Curation brings big short-term rewards. The instant gratification of follows, retweets and mentions. The positive reinforcement can be intoxicating. Browse, skim popular article by popular source, find highlight quote, post. You can do it waiting in line at the supermarket. It is a race to link to the currently popular articles (just check for how so many different curation sites link to the same set of articles at the same time). Fastest finger first. No wonder then that the number of sites that curate content seems to far outnumber the sources of actual content.

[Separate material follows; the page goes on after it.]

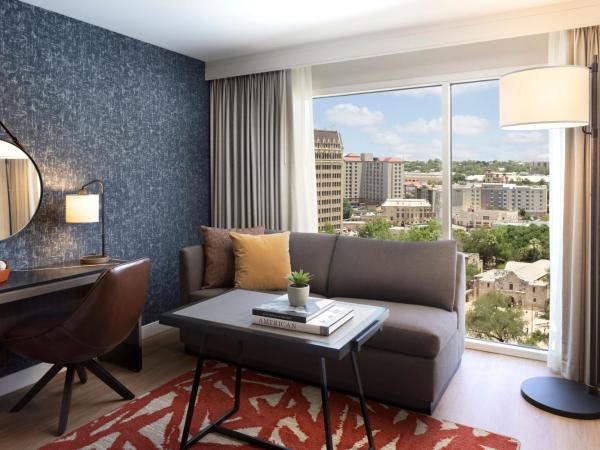 Hyatt Regency San Antonio Riverwalk : photo 8 de la chambre chambre lit king-size avec vue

Creation has no short-term rewards. Labour through books and research pieces to consider different viewpoints. Do your analysis to see real-world implications. Type out what can turn out to be, a poorly articulated, even flawed point of view. It is slow. It seems a pointless exercise. Each time you do it though, you make yourself think critically. Test ideas, even popular ones for weaknesses. Generally accepted truths that are in fact limited in their application. Perfect investment philosophies that have no chance of working when human emotions are involved. Your understanding of the world gets better because you struggled with the ideas long enough.

Investment ideas can be borrowed but not the conviction needed to profit from them. That conviction comes from having thought deeply enough about investment philosophies to hone one that is individually yours.

You are a creator even if yours is an audience of one, you. But it needs the willingness to trade breadth for depth. Slow over Instant. To wrestle uncomfortably with ideas that sound like no-brainers but you have no idea how to implement.

Choosing to create is to fundamentally understand the power of compounding.